Le président Vladimir Poutine dépêchait, samedi, sur place le chef des services secrets, Nikolaï Patruchev, ainsi que le procureur général Vladimir Oustinov. Et hier, le président du Conseil de sécurité, Sergueï Ivanov, désignait officiellement les coupables: les rebelles de la Tchétchénie voisine, bien sûr, pour «nuire aux efforts de Moscou de restaurer l'ordre et la paix dans la région. C'était prévisible: la politique claire du pouvoir central allait inciter les rebelles à changer de tactique et à revenir aux attentats terroristes.» Le procureur général Vladimir Oustinov est allé encore plus loin, puisqu'il a nommément cité la responsabilité de Khattab, le terroriste jordanien qui est aussi l'un des principaux dirigeants de la guérilla tchétchène. Quant au maire de Mineralnié Vodi, Mikhaïl Tchoukarine, il n'a eu que ce commentaire: «Nous devons enterrer 22 victimes innocentes. Je ne peux pas penser à autre chose.»

Dimanche, les gens venaient déposer fleurs et bougies sur les lieux de l'attentat, tandis qu'à côté on réparait les vitres brisées des bâtiments et que les premiers enterrements commençaient. Puis on apprenait que les deux voitures utilisées avaient été achetées quelques jours plus tôt près de Stavropol. Avant d'être abandonnées samedi avec les bombes à l'intérieur.
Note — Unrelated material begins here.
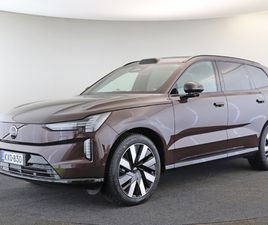 VOLVO EX90 TWIN ULTRA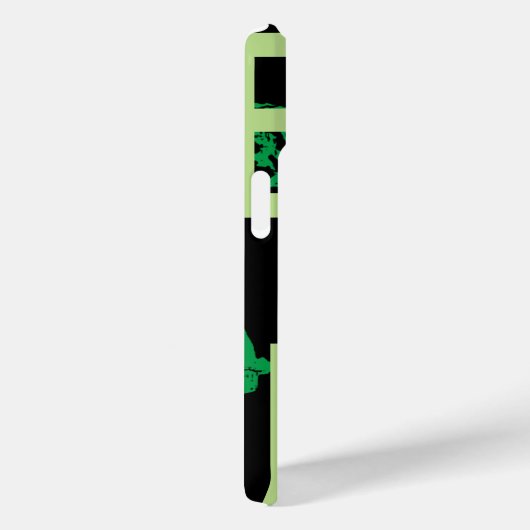 bicycle cool and personalized Case-Mate iPhoneケース (裏面 / 右)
Les documents des véhicules n'avaient pas été régularisés, ont expliqué les vendeurs. Les acheteurs, des amis, avaient promis de le faire.

Guerre prétendument gagnée

Des portraits robots des auteurs présumés des tueries ont été réalisés et distribués dans toutes les rues de Mineralnié Vodi et naturellement diffusés sur les chaînes de télévisions. Les pouvoirs locaux de la région de Stavropol ont d'ailleurs indiqué que «sans l'aide de la population, il sera très difficile de retrouver les auteurs de ces crimes» d'autant que les portraits robots se révèlent «très approximatifs». Pourtant, Nikolaï Patruschev a promis que «l'enquête serait rapide et les résultats analysés objectivement pour comprendre ce qui c'est vraiment passé ici». Tout aussi optimiste, le procureur général Oustinov a dit sa certitude que «les auteurs de cet attentat seront retrouvés, comme ceux des attentats précédents, et sévèrement punis». Trois suspects ont déjà été arrêtés.

Reste que cette nouvelle vague d'attentats intervient à un moment délicat pour la Russie: après avoir annoncé et commencé le retrait de troupes et donné davantage de pouvoir aux services secrets pour effectuer les derniers nettoyages d'une guerre prétendument gagnée, les pouvoirs russes ne peuvent plus cacher qu'ils ne réussissent toujours pas à assurer la sécurité de leurs propres troupes dans Grozny. Et de la population n'importe où en Russie. Dès lors, le message officiel – réduire la résistance tchétchène par la reconstruction économique de la république – paraît bien dérisoire. Comme la remarque de Vladimir Poutine la semaine dernière, rappelant qu'il avait fallu dix ans au pouvoir soviétique, après la Deuxième Guerre mondiale, pour nettoyer les forêts baltes de leurs derniers résistants.